This loaf is a lovely option for avoiding gluten, yeast, egg, and dairy! It pulls together quickly and easily (once you have the ingredients). One recipe makes one 7 3/4-inch loaf. I have adapted it from freshisreal (dot) com, where the author also suggests that it can be used to make a 10-inch crust for pizza.
One loaf provides about 14 small slices. Toasts well!
1 c unsweetened hemp milk or other plant- or nut-based milk
1 T fresh lemon juice OR apple cider vinegar
1 c gluten-free oat flour
¾ c organic brown rice flour
¾ c organic sorghum flour
2 T baking powder (note ingredients to ensure it is free from corn, gluten, and aluminum)
2 T psyllium husk, whole (OR substitute ground flaxseed)
1 T organic coconut palm sugar
1 tsp sea salt
½ cup to ¾ c lukewarm filtered water (start with ½ c)
Optional loaf toppings can include oat flakes, seeds such as flax, hemp, sunflower, pumpkin, sesame, poppy; course sea salt, dry herbs.
1. Preheat oven to 450F (or 440F if using a convection oven).
2. Line one 7 ¾-inch loaf pan (7 ¾ x 3 ¾ x 2 ¾ inches) with a wide strip of parchment to help in lifting the finished loaf from the pan. Lightly oil the pan and parchment with your preferred oil (coconut works well).
3. Use a small bowl to contain the milk; add the 1 T of either lemon juice or apple cider vinegar to sour it. Stir to mix.
4. Place a sifter over a large glass or stainless-steel bowl. Sift and combine all dry ingredients: flours, baking powder, sugar, salt, and psyllium or flaxseed.
5. Remove sifter and mix the dry ingredients well.
6. Add water, starting with the smaller amount of ½ cup. Mix well until all liquid is absorbed. The dough should be smooth and easily stirred, but not soupy.
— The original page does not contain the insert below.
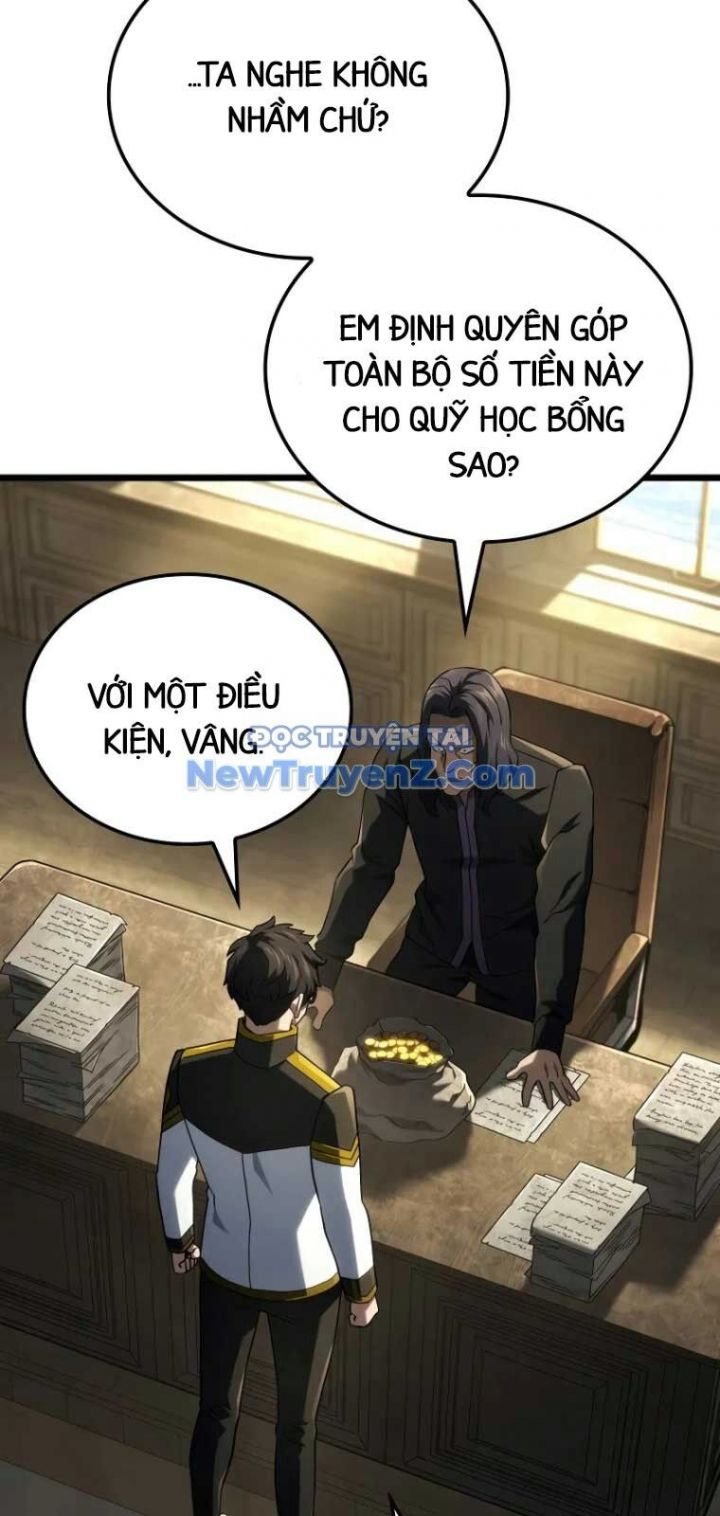 đọc truyện Thiết Huyết Kiếm Sĩ Hồi Quy Chương 113 ảnh 64 tại Giả Dược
7. Let the dough rest in the bowl for 5 minutes.
8. Scoop the dough into the prepared loaf pan and gently smooth the top.
9. Sprinkle your choice of topping into the wet dough.
10. Bake in the preheated oven until the loaf is golden and the edges are crusty.
11. Remove the pan from the oven and let it cool on a wire rack for 5-10 minutes.
12. Remove the loaf from the pan, using the parchment to assist with lifting.
13. Let the loaf cool completely before slicing. Refrigerate for up to five days (may be kept in a counter-top container for the first day).
Nutrition estimates for one slice: 95 cal, 2.4g protein, 1.2g fat, 227mg sodium, 18.9g carb. Daily values: 7% Calcium, 5% Iron.